Length Scales In Rendering
Usually in rendering we consider spatial scale to be somewhat arbitrary, i.e we only deal with coordinates, and whether we use meters or centimeters as a base unit for our measurement is mostly irrelevant as long as we are consistent and use coordinates that are a reasonable fit for the content we wish to render.
But it is still interesting to consider the appropriate scale to use for rendering. Here are some potentially relevant sizes for reference:
- Human hair diameter: 0.06 mm
- Grain of sand: 0.06 to 2.0 mm
- Pixel distance on a 4K PC monitor: 0.18 mm
- Size of a human pupil: 2-9 mm
- Diameter of a human eye: About 2.5 cm
- Interpupillary distance: About 6 cm
- Viewing distance from PC monitor: about 60 cm
- Size of a large PC monitor : 70 cm wide, 40 cm high
- Average human height: About 1.7m
- Size length of typical countries if they were flat and square shaped: 100 to 3000 km
- Radius of the earth: 6371 km
So the smallest and largest sizes listed here in the same units (meters) for comparison
- 0.00006
- 6000000.0
The scale difference is about $10^{12}$ or approximately $2^{40}$. The geometric mean is about 5.5 meters.
for an arena shooter style game you may only care about objects within at most a kilometer radius, in which case we may choose 1000 and 0.001 meters as our range, for which the geometric mean is exactly 1 meter.
According to the internet:
Humans can at best resolve two lines about 0.01 degrees apart: a 0.026 mm gap, 15cm the eyes.
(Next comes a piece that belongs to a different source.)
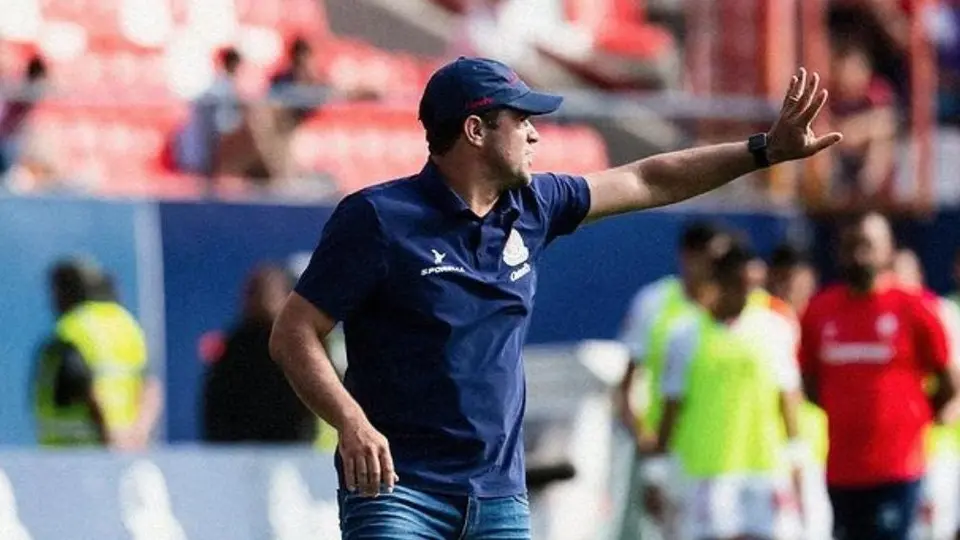André Jardine no sabe sobre supuesto interés de América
Typically objects 0.04mm wide, the width of a fine human hair, are just distinguishable by good eyes, objects 0.02mm wide are not.
From performing a quick and simple test of displaying a single white pixel on a black background on a 4k resolution 32 inch monitor (0.18 mm pixel distance), the pixel can clearly be seen at a distance of several meters.